Obstacles To Acceptance Smart Clients
A smart' client is required to carry out the computations on the shared secret and to manage the handshake with the server. This requires software to be installed on the client machine. This has the biggest impact on the most prevalent channel, HTML over HTTP. SRP authentication for web clients is only viable from a Java applet. There is a further complication for mobile channels in that memory and CPU usage on these devices is very valuable, however, the footprint for SRP authentication is considerably smaller than that required for a smart card token and its associated libraries. The need for client software is by no means a show stopper, but rather a potential stumbling block since it requires more work than just basic authentication, the evil path of least resistance.

Underlying Network Protocol
The very thing that makes SRP appealing is also what makes it difficult to embrace. Including SRP in the protocol makes it easy to use from a client perspective, however requires a lot of work upfront to change the network protocol, which could take months if not years given industry standards and legacy systems. As mentioned before, there are a growing number of Telnet, FTP, and SSH applications that use SRP, it is in the realm of Internet protocols that this change is most necessary.

Ideally, in order to globally enable SRP authentication for web users, the HTTP protocol needs to include a new authentication scheme for SRP type and a new attribute for the session key. The browsers would need to be on board as well and provide support for the multi-step SRP handshake, thereby requiring a change to HTML. This new' HTML tag would trigger the browser to perform the SRP calculations and manage the handshakes between the server and the browser until the authentication was complete. At such time, control would be returned to the browser user and all subsequent requests to the server would include the SRP session key in the request/response pair. Obviously, this situation requires a lot of cooperation from competing browser vendors as well as standard bodies and as such makes it difficult to foresee these changes being easily adopted.

Believe it or not, the largest obstacle to acceptance of SRP is the belief that the current authentication mechanism is sufficient. Password-based authentication is the most popular and yet the most insecure, giving users a false sense of security. This is true for several reasons. The ease of use and simplicity for a username/password scheme is unbeatable. Software projects are always under tight deadlines and as a result, security is one of the first requirements to be compromised it is simply too easy to claim that it will be addressed in a future release. Until the market demands a more robust authentication mechanism, companies will continue to pay the price for weak authentication. Furthermore, companies need to embrace the multi-channel market and take responsibility for strong authentication in these insecure channels. Other than market changes which are not tangible, there are a number of changes that would help accelerate acceptance of the SRP protocol as outlined in the next section.

This is Part Two of a two-part article.

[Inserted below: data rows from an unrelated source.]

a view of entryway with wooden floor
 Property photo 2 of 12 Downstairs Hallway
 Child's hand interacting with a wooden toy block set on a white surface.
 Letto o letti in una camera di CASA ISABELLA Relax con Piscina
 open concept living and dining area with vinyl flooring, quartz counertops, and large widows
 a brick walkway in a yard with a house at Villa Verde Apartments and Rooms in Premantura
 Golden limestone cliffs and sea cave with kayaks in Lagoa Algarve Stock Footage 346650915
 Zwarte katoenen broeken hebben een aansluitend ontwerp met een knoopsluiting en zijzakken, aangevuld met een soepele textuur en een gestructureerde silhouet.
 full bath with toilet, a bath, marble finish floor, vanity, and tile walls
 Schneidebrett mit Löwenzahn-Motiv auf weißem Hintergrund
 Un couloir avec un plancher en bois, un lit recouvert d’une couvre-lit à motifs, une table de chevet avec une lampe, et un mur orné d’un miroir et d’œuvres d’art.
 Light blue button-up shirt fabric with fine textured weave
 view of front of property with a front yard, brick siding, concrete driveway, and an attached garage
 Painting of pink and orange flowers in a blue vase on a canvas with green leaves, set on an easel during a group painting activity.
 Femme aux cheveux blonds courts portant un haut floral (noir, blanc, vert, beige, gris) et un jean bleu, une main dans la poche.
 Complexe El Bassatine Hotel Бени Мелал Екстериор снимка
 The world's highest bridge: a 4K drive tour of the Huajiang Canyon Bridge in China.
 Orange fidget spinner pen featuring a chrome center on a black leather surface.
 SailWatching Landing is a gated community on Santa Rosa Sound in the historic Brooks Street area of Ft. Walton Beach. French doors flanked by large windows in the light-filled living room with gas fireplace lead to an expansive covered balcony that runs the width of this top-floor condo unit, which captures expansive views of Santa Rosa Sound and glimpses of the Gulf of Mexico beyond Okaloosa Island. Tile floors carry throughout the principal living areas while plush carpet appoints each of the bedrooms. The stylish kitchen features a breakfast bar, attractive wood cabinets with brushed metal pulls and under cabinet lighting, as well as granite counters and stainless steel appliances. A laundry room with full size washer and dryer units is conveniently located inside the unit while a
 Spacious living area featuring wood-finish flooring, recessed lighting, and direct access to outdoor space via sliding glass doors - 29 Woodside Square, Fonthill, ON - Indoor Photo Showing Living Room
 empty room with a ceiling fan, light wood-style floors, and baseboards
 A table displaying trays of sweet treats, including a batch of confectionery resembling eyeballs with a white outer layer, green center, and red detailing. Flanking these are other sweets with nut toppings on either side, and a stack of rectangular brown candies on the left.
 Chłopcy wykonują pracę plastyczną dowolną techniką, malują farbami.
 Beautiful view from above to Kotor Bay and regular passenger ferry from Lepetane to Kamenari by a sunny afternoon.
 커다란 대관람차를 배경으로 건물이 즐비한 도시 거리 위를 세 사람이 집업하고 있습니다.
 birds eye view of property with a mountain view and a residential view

Part One detailed the advantages of SRP.

This part discusses the obstacles to be overcome for it to succeed.

Suggestions To Guarantee Acceptance

The functionality and security of the SRP protocol is exceptionally robust. Since it evolved from the original SPEKE protocol, shortcomings, both from a functional and performance perspective have been addressed, making it a mature protocol despite its young age. Having said that, there are a number of marketing tasks and suggestions that will help secure its overall success, some of which have already been started.

First of all, a patent for SRP-4 has already been acquired by Phoenix Technologies. There is a patent application pending for SRP-3 from Stanford University. It seems prudent that ownership of the protocol be transferred from the university to a suitable vendor to provide financial support and market influence. This transfer of ownership has already begun with Phoenix. Technologies.

The following are suggestions on ways to market SRP to the different audiences. Essentially, SRP authentication can either be embedded in a network protocol or can be used at the higher application level enabling proprietary applications to incorporate it. We have seen examples of both usage patterns the plethora of Telnet and FTP applications and the inclusion of SRP into the JBossSX framework. The following sections address both usage patterns, in an attempt to reach all interested parties.

Make It A Standard
This is already in progress by Phoenix Technologies and Thomas Wu among others. Currently, the IEEE (Institute of Electrical and Electronics Engineers Inc.) has been targeted P1363.2 is a draft version of "Standard Specifications for Password-Based Public-Key Cryptographic Techniques" which includes the following submissions and presentations.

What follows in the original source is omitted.